The weaker 911 songs are dulled by generic political wording that results in bland propaganda rather than artful storytelling or self-expression. In "Assist Us," Gabriel raps, "Just because [the U.S.] has the bigger guns doesn't make it right/When will we cherish, uphold, maintain, and preserve life?" In "Centurion," Khalil Crisis asks rhetorically, "Is freedom freedom when it's not distributed equally?/Can any one country prosper over all others peacefully?" The rhetoric here, though perfectly reasonable, is rote leftism. The problem is, the more literal and linear the political expression on 911, the less poetic the song. And as great socially conscious rappers like Ice Cube, KRS-One, and Dead Prez have shown us, a strong poetic sensibility is absolutely necessary for making compelling political hiphop.

Luckily, 911 isn't completely overburdened with dubious or bland political rhetoric. In fact, there are a couple of fantastic tracks that present intelligent concepts in a compelling way. "Karma," a rap by E-Real Asim (from Black Anger) and Surge Spitable, uses hustling city blocks as an allegory for the drama between the U.S. and al-Qaeda terrorists. The first character boasts that he has the whole neighborhood under control, and the second, downtrodden but equally greedy, hides out to plot his revenge. The raps are dynamic and fresh, and the scenes are described in exquisite detail.

"God Bless Humanity" is another standout track, with a lethargic beat providing the groundwork for El Saba's spoken-word rant against a racist United States that's soliciting his participation in war. At one point the beat stops for him to yell, "You ignorant, arrogant white man, why can't you understand?!" He has fire in his belly, and his diatribe evokes a tangled mess of emotions around issues like the war on terrorism, the idea of America as "home," the militarized police force, and the complacent bystander.
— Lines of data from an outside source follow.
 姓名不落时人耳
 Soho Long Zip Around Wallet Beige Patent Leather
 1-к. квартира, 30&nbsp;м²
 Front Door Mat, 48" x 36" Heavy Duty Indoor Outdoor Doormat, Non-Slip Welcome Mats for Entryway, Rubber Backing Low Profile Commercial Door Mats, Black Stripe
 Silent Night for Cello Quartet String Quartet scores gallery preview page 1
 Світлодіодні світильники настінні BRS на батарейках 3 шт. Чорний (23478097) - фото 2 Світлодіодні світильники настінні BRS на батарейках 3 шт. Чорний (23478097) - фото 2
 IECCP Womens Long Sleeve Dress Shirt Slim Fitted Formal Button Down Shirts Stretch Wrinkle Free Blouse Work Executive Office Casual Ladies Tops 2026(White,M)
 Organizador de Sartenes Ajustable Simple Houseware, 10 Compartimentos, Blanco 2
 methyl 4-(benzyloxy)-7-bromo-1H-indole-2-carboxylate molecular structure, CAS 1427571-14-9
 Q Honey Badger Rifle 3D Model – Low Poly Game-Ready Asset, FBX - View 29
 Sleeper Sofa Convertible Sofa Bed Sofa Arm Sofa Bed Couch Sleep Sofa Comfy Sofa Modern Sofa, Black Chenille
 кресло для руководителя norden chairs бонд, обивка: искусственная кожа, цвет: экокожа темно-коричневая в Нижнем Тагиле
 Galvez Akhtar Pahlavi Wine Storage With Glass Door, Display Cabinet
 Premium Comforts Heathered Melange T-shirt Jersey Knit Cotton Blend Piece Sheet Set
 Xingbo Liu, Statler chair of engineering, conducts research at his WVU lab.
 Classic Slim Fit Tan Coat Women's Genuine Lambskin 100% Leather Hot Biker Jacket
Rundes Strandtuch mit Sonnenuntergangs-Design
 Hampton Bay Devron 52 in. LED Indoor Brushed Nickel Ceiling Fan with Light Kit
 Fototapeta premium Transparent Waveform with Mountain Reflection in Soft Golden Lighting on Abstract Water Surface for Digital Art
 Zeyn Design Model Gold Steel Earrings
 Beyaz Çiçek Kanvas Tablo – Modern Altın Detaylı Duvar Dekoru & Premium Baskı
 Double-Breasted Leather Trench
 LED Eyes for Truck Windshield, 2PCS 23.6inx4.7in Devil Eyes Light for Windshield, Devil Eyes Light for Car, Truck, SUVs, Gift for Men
The song is essentially a middle finger aimed at American society, but because El Saba puts the highest premium on complex reasoning, "God Bless Humanity" is the most effective shout of protest on 911 Amerika.

In contrast, on "The Aftermath" it's not clear who has righteousness on their side. "God's comin' and God's runnin'," raps Silas Blak, over Vitamin D's fantastically smooth, funky, up-tempo beat. Like most tracks on 911, the song scrutinizes U.S. politics, but it also amusingly calls out hiphop itself in the last line of the chorus: "Are you ready for war/The enemy's too close to ignore/Use those fatigues what they're supposed to be for." Battlefield uniforms, from camouflage shirts to cargo pants, have been a big part of hiphop fashion. By calling out the clothing's function over its style, Blak presents a welcome level of self-consciousness amid the self-assurance that dominates the CD.

As a whole, 911 Amerika works because of the tracks that rise above political posturing. None of the songs present irrefutable arguments against the U.S. war on terrorism, but maybe that's not their place. As citizens of a "911 America," we get our fill of reactionary, pro-or-con politics everywhere we look. What's refreshing about this disc are the raw emotions, sophisticated storytelling, and understated humor used to interpret our current political situation. These elements broaden the discussion about our post-9/11 nation with new, interesting perspectives, without dampening the erratic, charismatic imagination that has made great political hiphop so compelling.